The search continues for whatever is polluting Santa Rosa Creek on B Street near downtown.
After years of questions, city public works officials this week ripped up a part of parking lot at the corner of Ross and B streets to see if there was a leaking underground fuel tank that might be contaminating the soil and nearby waterways.
After digging a six-foot deep, L-shaped trench and sampling the soil, they came up empty, failing to find any tanks or contamination.
"We sampled the heck out of the soil and it's squeaky clean," said Andy Rodgers, president of the Sebastopol-based environmental consulting firm ECON.
That's good news for the city, which would have been on the hook for the costly clean-up of the site. The city paid about $35,000 for the work, which has been sought by regulators with the North Coast Regional Water Quality Control Board since 2007.
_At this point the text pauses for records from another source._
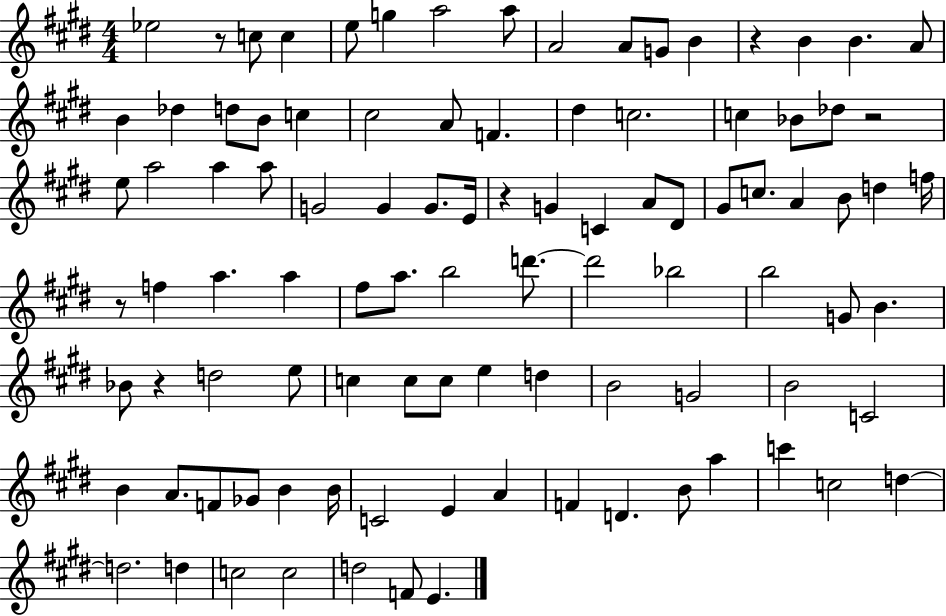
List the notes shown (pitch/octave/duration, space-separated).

Eb5/h R/e C5/e C5/q E5/e G5/q A5/h A5/e A4/h A4/e G4/e B4/q R/q B4/q B4/q. A4/e B4/q Db5/q D5/e B4/e C5/q C#5/h A4/e F4/q. D#5/q C5/h. C5/q Bb4/e Db5/e R/h E5/e A5/h A5/q A5/e G4/h G4/q G4/e. E4/s R/q G4/q C4/q A4/e D#4/e G#4/e C5/e. A4/q B4/e D5/q F5/s R/e F5/q A5/q. A5/q F#5/e A5/e. B5/h D6/e. D6/h Bb5/h B5/h G4/e B4/q. Bb4/e R/q D5/h E5/e C5/q C5/e C5/e E5/q D5/q B4/h G4/h B4/h C4/h B4/q A4/e. F4/e Gb4/e B4/q B4/s C4/h E4/q A4/q F4/q D4/q. B4/e A5/q C6/q C5/h D5/q D5/h. D5/q C5/h C5/h D5/h F4/e E4/q.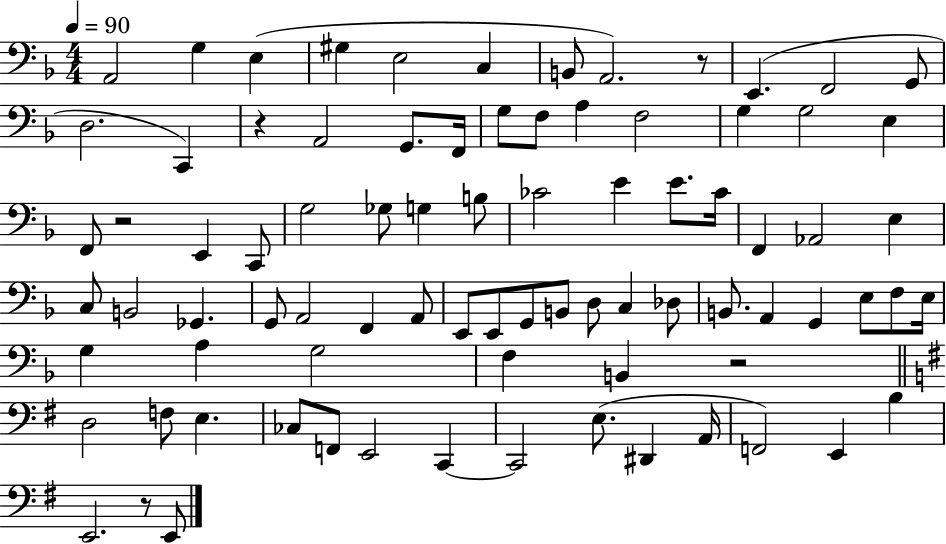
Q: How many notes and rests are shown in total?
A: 83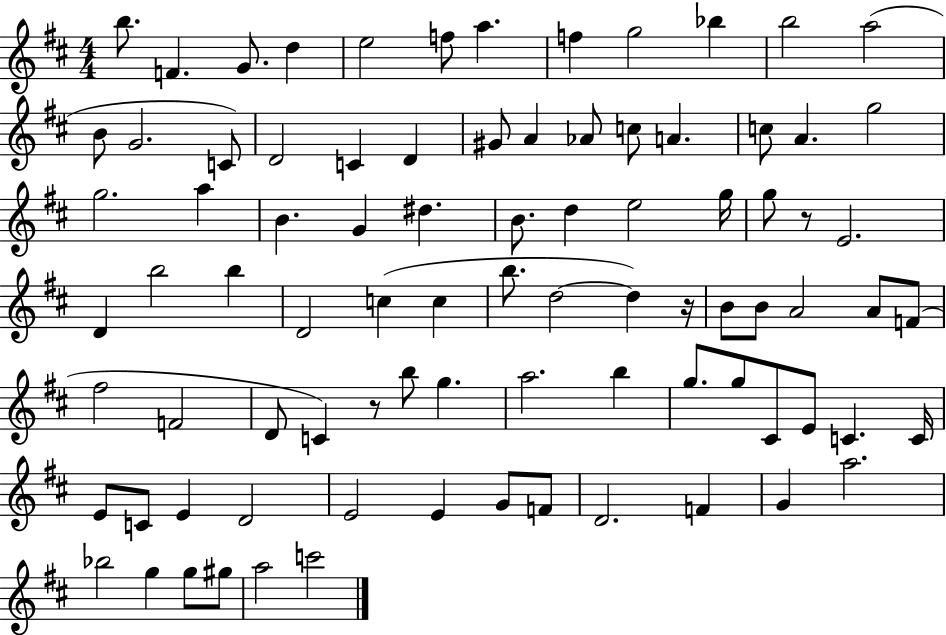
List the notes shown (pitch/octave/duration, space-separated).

B5/e. F4/q. G4/e. D5/q E5/h F5/e A5/q. F5/q G5/h Bb5/q B5/h A5/h B4/e G4/h. C4/e D4/h C4/q D4/q G#4/e A4/q Ab4/e C5/e A4/q. C5/e A4/q. G5/h G5/h. A5/q B4/q. G4/q D#5/q. B4/e. D5/q E5/h G5/s G5/e R/e E4/h. D4/q B5/h B5/q D4/h C5/q C5/q B5/e. D5/h D5/q R/s B4/e B4/e A4/h A4/e F4/e F#5/h F4/h D4/e C4/q R/e B5/e G5/q. A5/h. B5/q G5/e. G5/e C#4/e E4/e C4/q. C4/s E4/e C4/e E4/q D4/h E4/h E4/q G4/e F4/e D4/h. F4/q G4/q A5/h. Bb5/h G5/q G5/e G#5/e A5/h C6/h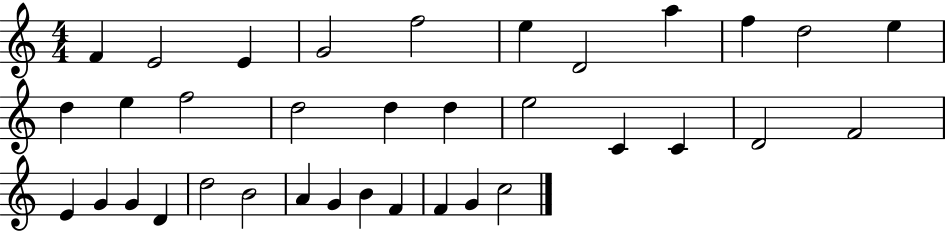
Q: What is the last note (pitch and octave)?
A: C5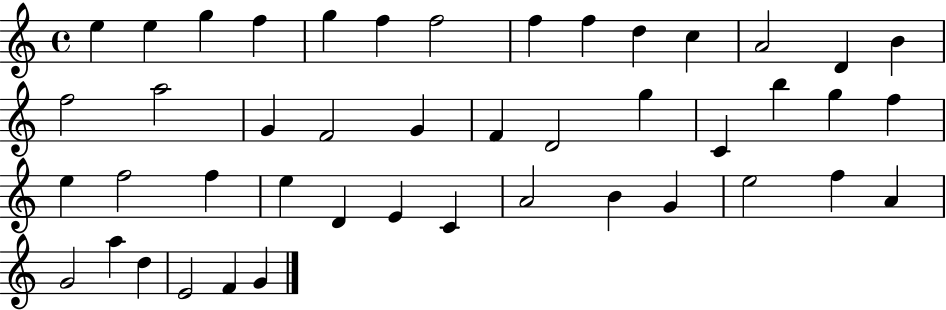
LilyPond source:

{
  \clef treble
  \time 4/4
  \defaultTimeSignature
  \key c \major
  e''4 e''4 g''4 f''4 | g''4 f''4 f''2 | f''4 f''4 d''4 c''4 | a'2 d'4 b'4 | \break f''2 a''2 | g'4 f'2 g'4 | f'4 d'2 g''4 | c'4 b''4 g''4 f''4 | \break e''4 f''2 f''4 | e''4 d'4 e'4 c'4 | a'2 b'4 g'4 | e''2 f''4 a'4 | \break g'2 a''4 d''4 | e'2 f'4 g'4 | \bar "|."
}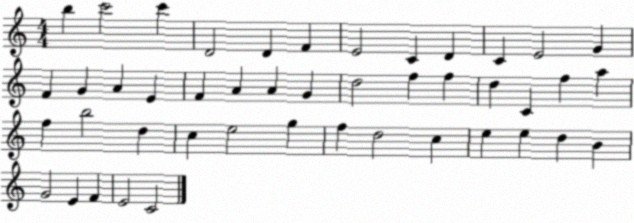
X:1
T:Untitled
M:4/4
L:1/4
K:C
b c'2 c' D2 D F E2 C D C E2 G F G A E F A A G d2 f f d C f a f b2 d c e2 g f d2 c e e d B G2 E F E2 C2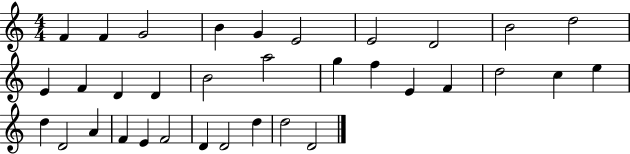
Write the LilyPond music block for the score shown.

{
  \clef treble
  \numericTimeSignature
  \time 4/4
  \key c \major
  f'4 f'4 g'2 | b'4 g'4 e'2 | e'2 d'2 | b'2 d''2 | \break e'4 f'4 d'4 d'4 | b'2 a''2 | g''4 f''4 e'4 f'4 | d''2 c''4 e''4 | \break d''4 d'2 a'4 | f'4 e'4 f'2 | d'4 d'2 d''4 | d''2 d'2 | \break \bar "|."
}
But it leaves unsolved the mystery of what's causing the pollution. Water quality officials have been wondering what's going on beneath B Street for years.
The area is home to some of the city's oldest buildings, many of which had heating oil tanks in their basements. Several gas stations and garages once occupied the area, which is one block east of Highway 101.
At least five other sites along B Street have been identified by the board as possibly being the source of pollution reaching the creek through the city's storm drains.
One of the most significant sites is a former Pacific Gas & Electric Company property on First Street along Santa Rosa Creek near the B Street intersection.
A manufactured gas plant operated on the site from 1876 to 1924, turning coal into gas for heating and cooking. After natural gas came to the area, the plant was dismantled and the property was later used as a natural gas distribution center. The utility sold the property in 1987, but remains involved in the clean-up.